Having achieved her ambition, Freeman did not leap in the air or otherwise salute her own achievement in the way of most contemporary athletes. She pulled down the zip of her suit, pulled back the hood and simply sat down on the track. Blank-faced, she looked as though she had been drained of all sensation. But later, when she had regathered her faculties, she said that the dominant feeling had been one of relief. “I was totally overwhelmed because I could feel the crowd all around me, all their emotions, all that happiness and joy. I just had to sit down.”

She was asked if things could get any better than this. “I don’t think so,” she said. “I have a fairly creative imagination, but I can’t think of anything better right now.”

The job of lighting the flame at the conclusion of the spectacular opening ceremony had given her a few worries, not all of them connected with the faulty mechanism of the circle of fire in which she stood, watched by a worldwide audience of billions.

“I decided I’d make a big effort to relax, not get too emotional or buy into the hype, and to keep my life simple and stick to my priorities. Running comes more naturally to me than the creative stuff.”

Despite the dramatic withdrawal of Marie-José Pérec, the Olympic champion in Atlanta, the quality of the race was remarkable. Freeman produced her season’s best time, while Graham and Merry both ran personal bests, in 49.58sec and 49.72sec respectively, as did Donna Fraser, the other British woman in the race, who clocked 49.79sec. Merry and Fraser were both going below 50sec for the first time, and at the ages of 26 and 27 respectively they can look forward to further improvement.
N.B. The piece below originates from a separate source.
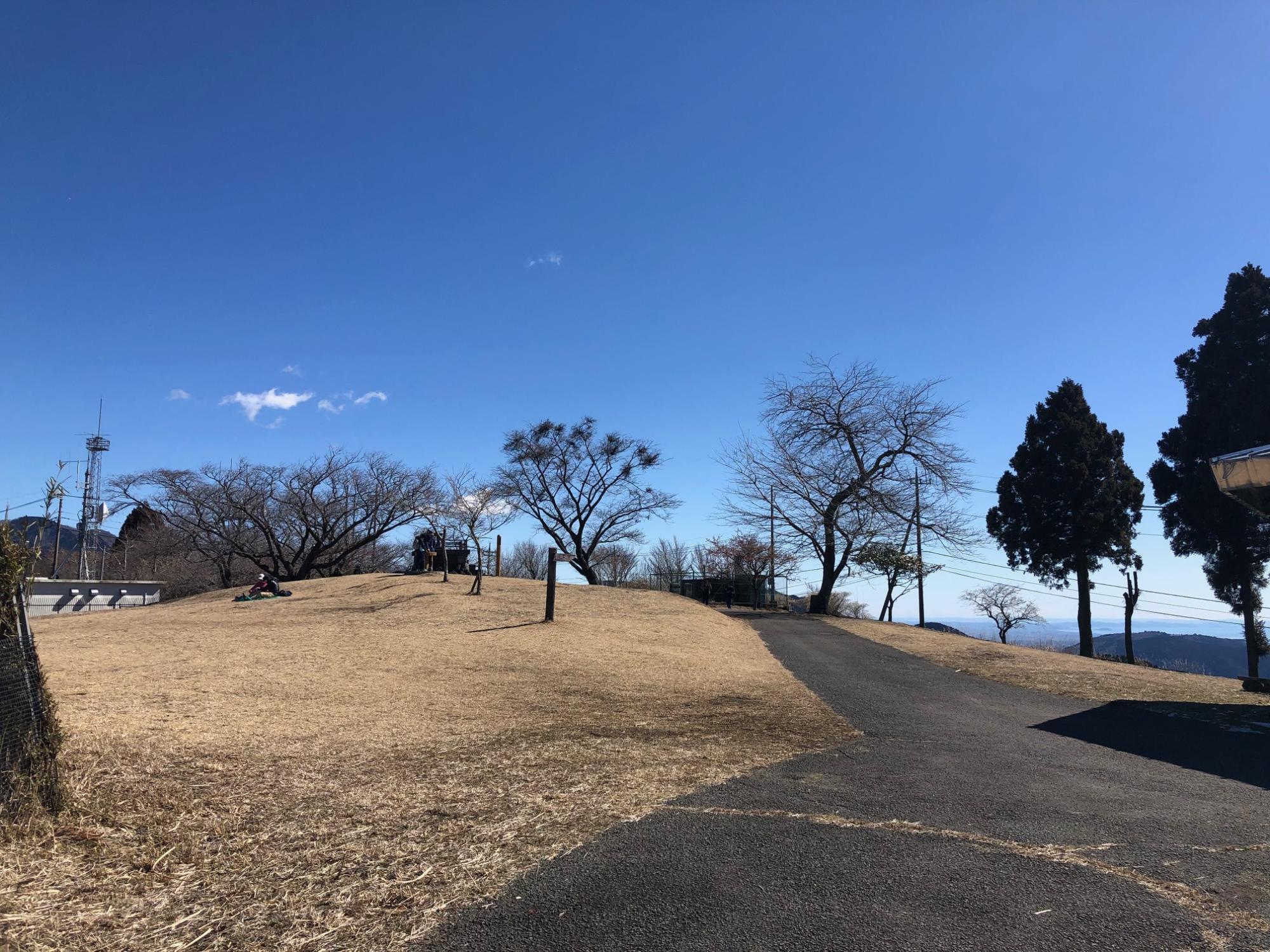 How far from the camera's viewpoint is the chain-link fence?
3.86m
“Me and Donna go back a long way,” the exhilarated Merry said. “If it had been the other way round, with Donna on the rostrum and me fourth, I’d still be pleased. I’ve known Cathy the same length of time, and there’s nobody in athletics I respect more. I had no illusions. Cathy on form with 110,000 people behind her was a pretty hard mountain to shift.

“I like Cathy as a person and when we crossed the line I just shook her hand and said: ‘You’re awesome.’ She deserves everything she’s got. We’ve all had our hard times this year, and she’s had her fair share. I’m 110% pleased for her. She’s a great girl.”

Merry has been bothered by sinus trouble over the past couple of years, and will need a second operation soon. “But you can’t let something like that stop you,” she said. “I’m ecstatic. The first part of my season I believed I could get on the rostrum in Sydney. In June I didn’t know if I’d even be here. So I’m delighted with the medal, and with my time. I’ve been trying to break 50 seconds all year.”

She had spent the morning with her coach, Linford Christie, just hanging out, playing table tennis and chatting. “We didn’t talk about the race. All he said was: ‘I’m not going to tell you how to run because you know how you’re going to run.’ But when I walked out on to the track I was so nervous. All I could hear was ‘Go, Cathy! Go, Cathy!’ Then I heard this big voice shouting ‘C’mon, Christmas! C’mon, Christmas!’ That made me laugh.

“Only Linford calls me Christmas. So I knew where he was sitting and as soon as I’d finished the race I ran over to him and said: ‘This one was for you.’ Everything was for Linford this trip. I’m so glad I got a medal for him. He wanted to get a woman on the rostrum at an Olympics and I’m just glad it was me.”

Could she summarise his contribution to her performance?

“I could, but I’d begin to cry. He’s the best.”